Oxygen isotope study of YBa2Cu3O7

Abstract

The magnitude of the oxygen isotope effect in the high-$T_c$ superconductor Y${\mathrm{Ba}}_2$ ${\mathrm{Cu}}_3$ ${\mathrm{O}}_7$ has been determined by substitution of ${}_{}{}^{18}{}_{}{}^{}\mathrm{O}$ for ${}_{}{}^{16}{}_{}{}^{}\mathrm{O}$. A series of cross exchanges was performed on highquality polycrystalline specimens to eliminate uncertainties due to sample heat treatments and sample inhomogeneities. Magnetic measurements suggest a relative isotope shift for the bulk material of -0.17±0.03 K at 80% ${}_{}{}^{18}{}_{}{}^{}\mathrm{O}$ substitution, yielding ${\alpha }_{\mathrm{bulk}}=0.019\mathrm{}\pm 0.004$ where $T_c\sim M^{-\alpha }$ and $M$ is the oxygen mass.

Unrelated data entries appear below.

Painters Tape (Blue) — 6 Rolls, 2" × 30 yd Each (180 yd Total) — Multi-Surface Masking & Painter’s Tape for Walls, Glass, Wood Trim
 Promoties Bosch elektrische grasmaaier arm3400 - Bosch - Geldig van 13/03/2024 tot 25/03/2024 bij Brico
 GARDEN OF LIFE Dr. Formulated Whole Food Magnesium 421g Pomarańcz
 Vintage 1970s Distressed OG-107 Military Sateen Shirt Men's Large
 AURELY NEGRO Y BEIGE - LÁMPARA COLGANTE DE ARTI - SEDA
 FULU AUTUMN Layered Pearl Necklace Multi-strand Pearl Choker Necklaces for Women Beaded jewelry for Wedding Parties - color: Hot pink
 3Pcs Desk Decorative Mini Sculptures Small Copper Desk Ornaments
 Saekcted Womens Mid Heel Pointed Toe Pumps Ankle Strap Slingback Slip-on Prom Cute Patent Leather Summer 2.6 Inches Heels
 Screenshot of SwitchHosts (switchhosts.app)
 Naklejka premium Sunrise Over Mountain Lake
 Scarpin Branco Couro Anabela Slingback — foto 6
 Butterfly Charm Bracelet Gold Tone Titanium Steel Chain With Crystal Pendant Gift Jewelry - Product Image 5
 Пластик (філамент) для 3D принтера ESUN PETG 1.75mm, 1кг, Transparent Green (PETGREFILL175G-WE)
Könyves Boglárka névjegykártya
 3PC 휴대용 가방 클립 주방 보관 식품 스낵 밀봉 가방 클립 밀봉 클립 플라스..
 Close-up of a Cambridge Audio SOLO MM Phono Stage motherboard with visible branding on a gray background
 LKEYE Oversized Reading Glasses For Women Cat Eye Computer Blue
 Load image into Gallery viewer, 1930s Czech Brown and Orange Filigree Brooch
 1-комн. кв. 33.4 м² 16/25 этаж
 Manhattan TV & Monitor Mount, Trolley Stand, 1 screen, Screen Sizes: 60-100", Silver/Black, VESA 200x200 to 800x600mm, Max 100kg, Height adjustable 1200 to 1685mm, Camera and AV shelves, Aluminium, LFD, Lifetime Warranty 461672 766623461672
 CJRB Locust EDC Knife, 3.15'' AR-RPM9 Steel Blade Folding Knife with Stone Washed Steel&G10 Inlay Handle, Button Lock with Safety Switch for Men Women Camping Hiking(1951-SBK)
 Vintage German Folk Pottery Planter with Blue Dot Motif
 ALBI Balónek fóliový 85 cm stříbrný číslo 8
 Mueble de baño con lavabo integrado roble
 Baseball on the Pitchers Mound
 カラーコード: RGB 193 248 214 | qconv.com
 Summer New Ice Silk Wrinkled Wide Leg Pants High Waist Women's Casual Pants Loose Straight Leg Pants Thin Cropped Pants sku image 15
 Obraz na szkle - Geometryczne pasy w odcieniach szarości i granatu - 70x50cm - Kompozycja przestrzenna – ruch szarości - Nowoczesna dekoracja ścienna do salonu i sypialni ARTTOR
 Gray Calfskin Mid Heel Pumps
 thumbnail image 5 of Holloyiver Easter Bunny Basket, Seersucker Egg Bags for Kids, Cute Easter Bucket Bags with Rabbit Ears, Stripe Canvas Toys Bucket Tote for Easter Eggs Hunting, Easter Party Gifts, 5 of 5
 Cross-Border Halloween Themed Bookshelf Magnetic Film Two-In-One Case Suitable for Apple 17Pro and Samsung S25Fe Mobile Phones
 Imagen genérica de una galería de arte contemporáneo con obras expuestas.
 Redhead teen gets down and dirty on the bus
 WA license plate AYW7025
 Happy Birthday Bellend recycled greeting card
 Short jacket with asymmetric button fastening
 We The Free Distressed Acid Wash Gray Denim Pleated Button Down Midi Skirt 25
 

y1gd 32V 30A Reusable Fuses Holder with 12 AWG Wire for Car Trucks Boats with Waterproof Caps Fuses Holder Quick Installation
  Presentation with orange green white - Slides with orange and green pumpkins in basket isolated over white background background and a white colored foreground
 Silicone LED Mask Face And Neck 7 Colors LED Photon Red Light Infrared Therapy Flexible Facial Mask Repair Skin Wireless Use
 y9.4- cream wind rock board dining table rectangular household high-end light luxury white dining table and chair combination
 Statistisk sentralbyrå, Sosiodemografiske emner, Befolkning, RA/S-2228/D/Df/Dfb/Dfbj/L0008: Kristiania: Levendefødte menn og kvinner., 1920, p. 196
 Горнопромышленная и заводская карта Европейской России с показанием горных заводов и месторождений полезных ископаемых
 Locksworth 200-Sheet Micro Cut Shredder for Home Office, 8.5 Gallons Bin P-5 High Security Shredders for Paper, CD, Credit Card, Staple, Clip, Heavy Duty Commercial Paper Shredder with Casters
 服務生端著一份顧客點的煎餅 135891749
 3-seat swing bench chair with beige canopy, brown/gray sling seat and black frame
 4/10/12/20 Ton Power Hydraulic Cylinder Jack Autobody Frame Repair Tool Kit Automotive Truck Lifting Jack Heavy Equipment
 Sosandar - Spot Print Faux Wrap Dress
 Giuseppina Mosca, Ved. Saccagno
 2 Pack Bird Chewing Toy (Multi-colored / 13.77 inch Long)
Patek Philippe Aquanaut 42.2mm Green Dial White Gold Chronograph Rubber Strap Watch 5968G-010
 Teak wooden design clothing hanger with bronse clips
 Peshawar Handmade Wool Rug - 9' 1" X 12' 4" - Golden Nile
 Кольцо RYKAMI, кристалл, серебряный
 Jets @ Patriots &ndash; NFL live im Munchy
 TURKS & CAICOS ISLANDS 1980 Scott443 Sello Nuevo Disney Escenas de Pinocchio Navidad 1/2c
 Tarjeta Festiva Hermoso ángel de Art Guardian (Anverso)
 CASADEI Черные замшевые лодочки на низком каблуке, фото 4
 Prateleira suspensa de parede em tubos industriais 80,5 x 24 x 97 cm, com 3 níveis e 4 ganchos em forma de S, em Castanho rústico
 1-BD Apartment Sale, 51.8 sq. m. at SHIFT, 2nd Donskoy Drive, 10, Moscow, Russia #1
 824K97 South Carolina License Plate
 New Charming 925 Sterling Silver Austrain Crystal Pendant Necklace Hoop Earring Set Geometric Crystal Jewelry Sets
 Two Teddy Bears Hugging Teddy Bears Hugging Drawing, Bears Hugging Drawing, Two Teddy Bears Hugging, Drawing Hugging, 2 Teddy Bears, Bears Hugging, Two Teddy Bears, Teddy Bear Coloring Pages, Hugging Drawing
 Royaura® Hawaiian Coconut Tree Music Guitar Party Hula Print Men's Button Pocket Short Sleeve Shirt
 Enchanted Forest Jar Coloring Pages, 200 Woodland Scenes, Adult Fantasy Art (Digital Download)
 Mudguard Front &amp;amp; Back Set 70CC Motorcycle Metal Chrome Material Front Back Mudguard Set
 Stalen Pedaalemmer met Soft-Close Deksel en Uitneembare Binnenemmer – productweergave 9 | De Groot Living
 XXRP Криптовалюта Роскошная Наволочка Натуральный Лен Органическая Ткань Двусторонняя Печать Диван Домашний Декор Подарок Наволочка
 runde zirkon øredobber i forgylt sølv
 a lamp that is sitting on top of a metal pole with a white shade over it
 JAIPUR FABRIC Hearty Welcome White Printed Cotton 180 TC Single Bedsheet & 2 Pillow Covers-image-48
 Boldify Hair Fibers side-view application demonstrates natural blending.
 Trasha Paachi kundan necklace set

Resistivity measurements in freshly prepared specimens reveal filamentary superconductivity 1 or 2 K above the bulk superconducting transition temperature. The isotope shift associated with the filamentary superconductivity is similar to but slightly larger than the bulk shift: ${\alpha }_{\mathrm{fil}}=0.028\mathrm{}\pm 0.003$. The filamentary superconductivity is time dependent and disappears several months after sample preparation. We show that the above values of $\alpha$ are inconsistent with the standard three-dimensional phonon-mediated Bardeen-Cooper-Schrieffer theory, and discuss implications for alternative possibilities.